[Start of section]

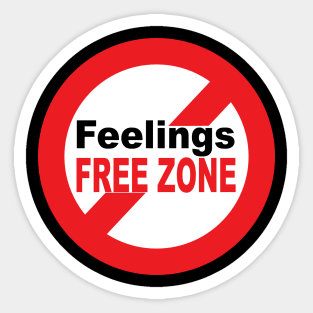 Feelings free zone Sticker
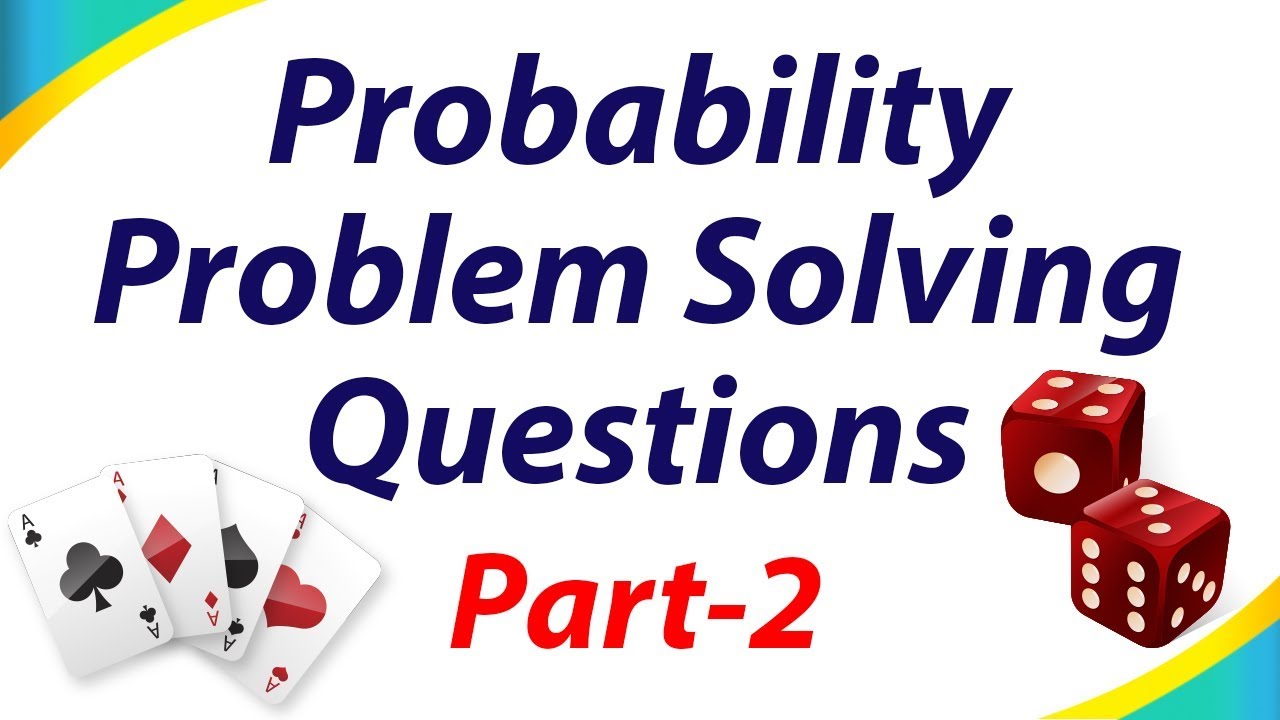probability problem solving questions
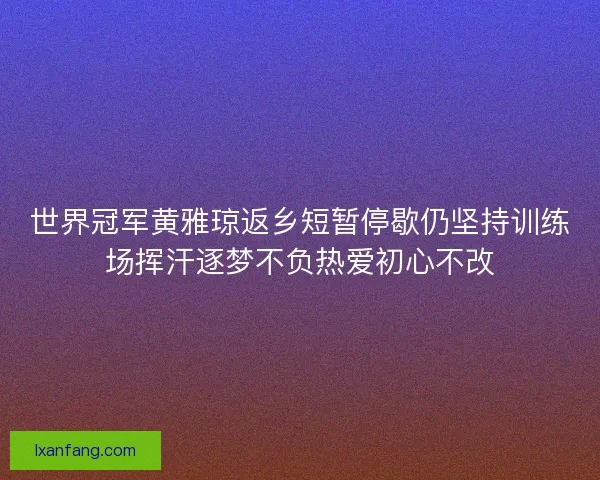 世界冠军黄雅琼返乡短暂停歇仍坚持训练场挥汗逐梦不负热爱初心不改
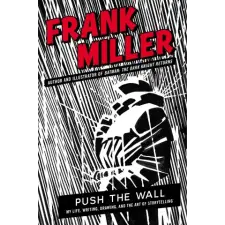 Canongate Books Ltd. Push the Wall | Frank Miller idegen nyelvű könyv
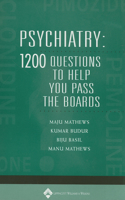 Psychiatry: 1,200 Questions to Help You Pass the Boards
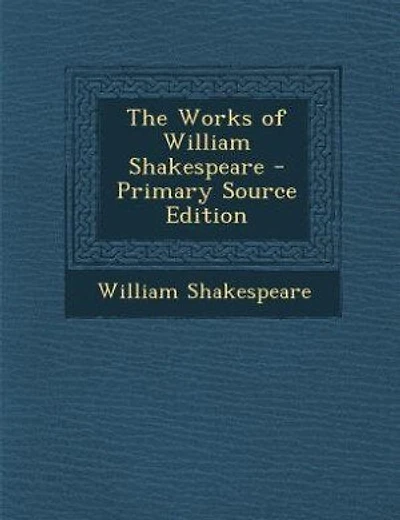 The Works of William Shakespeare - Primary Source Edition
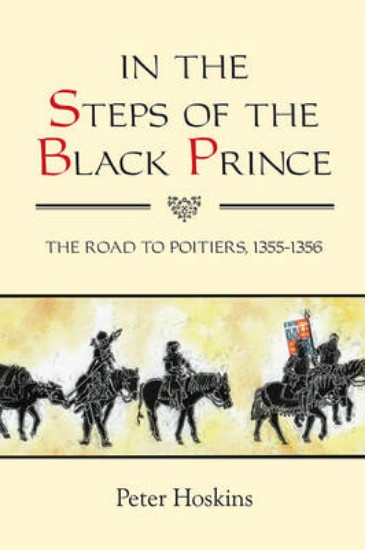Picture of In the Steps of the Black Prince: The Road to Poitiers, 1355-1356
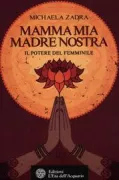 Copertina libro <b>Mamma mia madre nostra</b>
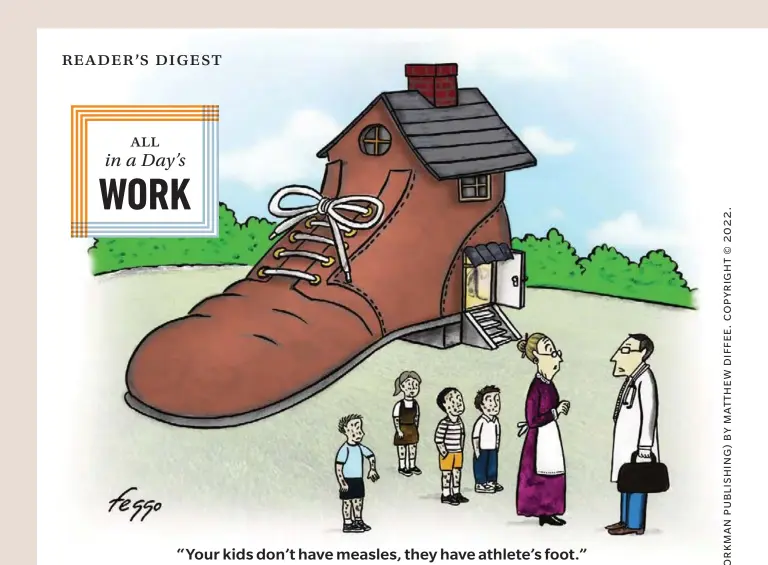  ?? Cartoon by Felipe Galindo ?? “Your kids don’t have measles, they have athlete’s foot.”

[End of section]

What this task involves: Leave out the pictures and output everything else in the records exactly.

Exercise answer:
 Feelings free zone Sticker
probability problem solving questions
 世界冠军黄雅琼返乡短暂停歇仍坚持训练场挥汗逐梦不负热爱初心不改
 Canongate Books Ltd. Push the Wall | Frank Miller idegen nyelvű könyv
 Psychiatry: 1,200 Questions to Help You Pass the Boards
 The Works of William Shakespeare - Primary Source Edition
Picture of In the Steps of the Black Prince: The Road to Poitiers, 1355-1356
 Copertina libro <b>Mamma mia madre nostra</b>
  ?? Cartoon by Felipe Galindo ?? “Your kids don’t have measles, they have athlete’s foot.”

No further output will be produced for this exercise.